[[ EXERCISE MATERIALS open ]]
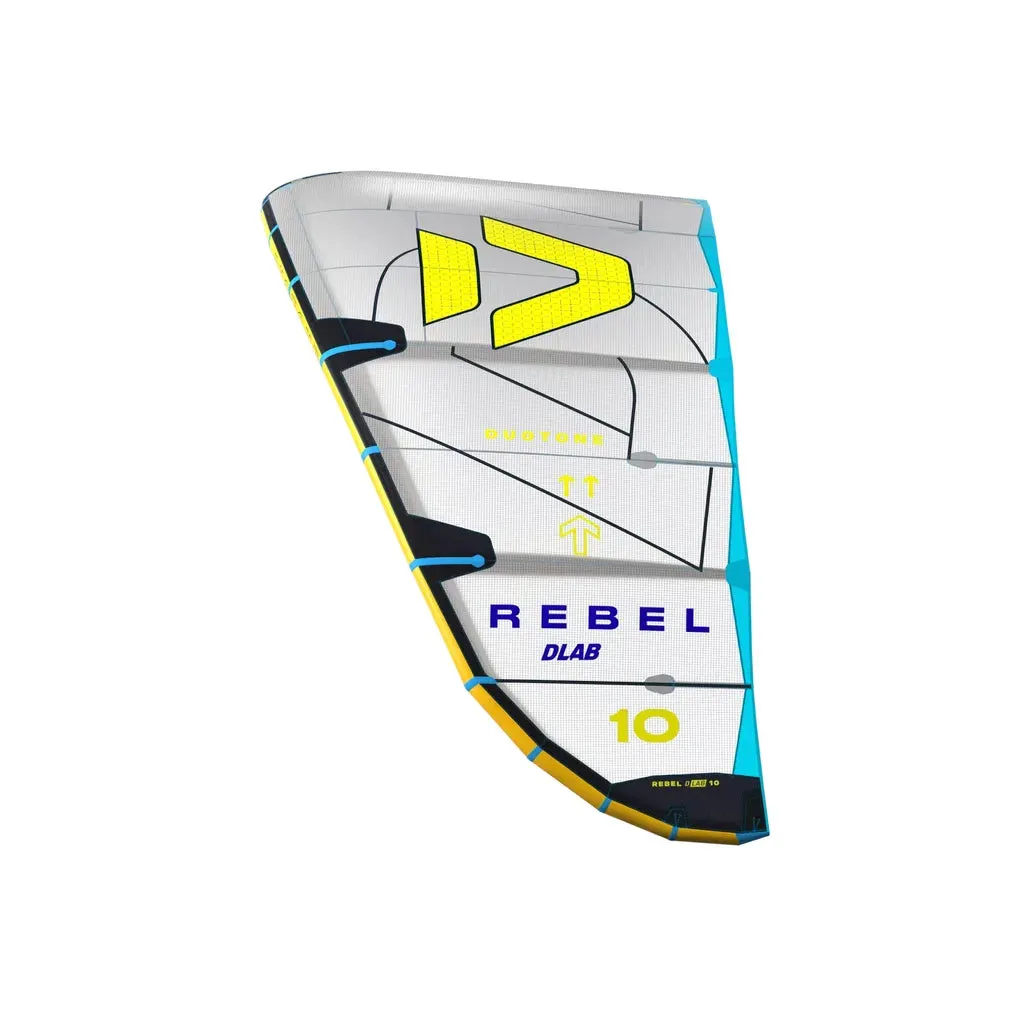 2025 Duotone Rebel D/Lab Kite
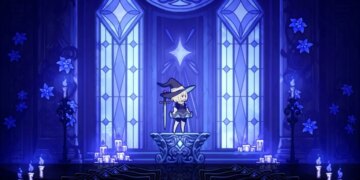 Pocketpair published Never Grave: The Witch and The Curse gets a release date at last, launching on PlayStation early next year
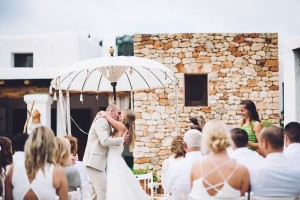 Ceremoniespreker - Trouwambtenaar - Ibiza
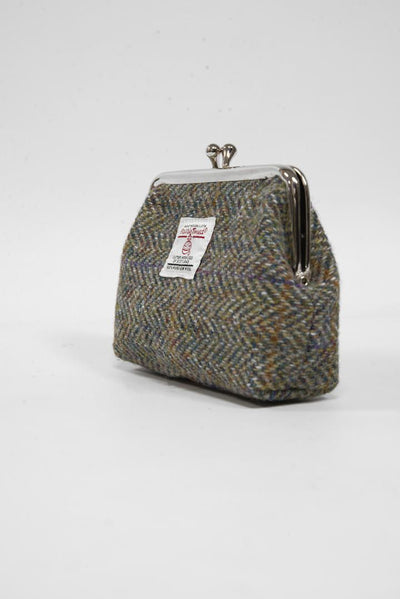 Harris Tweed Mandy Purse HB107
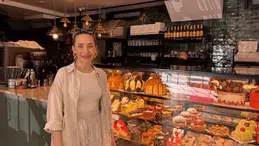 Şımarık Tatlar’dan Doğaya Dönüş: Chef Parla Güney’den Yeni Lezzet Konsepti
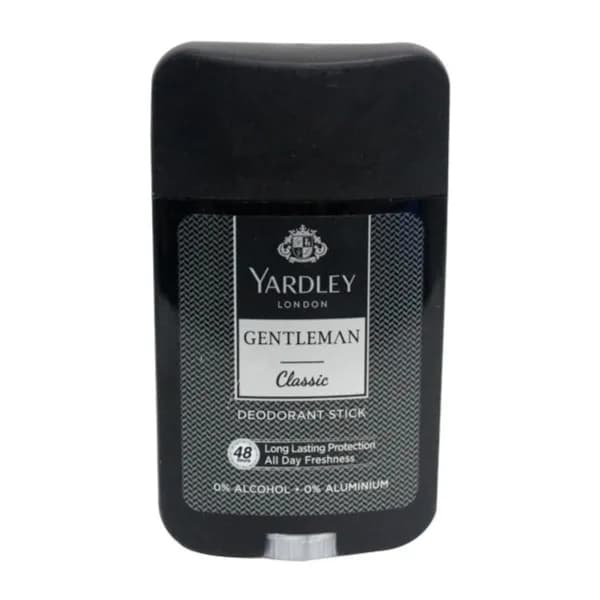 Yardley Gentleman Classic Roll On 50ml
[[ EXERCISE MATERIALS closed ]]
▸ WORK REQUIRED:
Give back each line above verbatim, dropping every picture.

▸ ANSWER SPACE:
 2025 Duotone Rebel D/Lab Kite
 Pocketpair published Never Grave: The Witch and The Curse gets a release date at last, launching on PlayStation early next year
 Ceremoniespreker - Trouwambtenaar - Ibiza
 Harris Tweed Mandy Purse HB107
 Şımarık Tatlar’dan Doğaya Dönüş: Chef Parla Güney’den Yeni Lezzet Konsepti
 Yardley Gentleman Classic Roll On 50ml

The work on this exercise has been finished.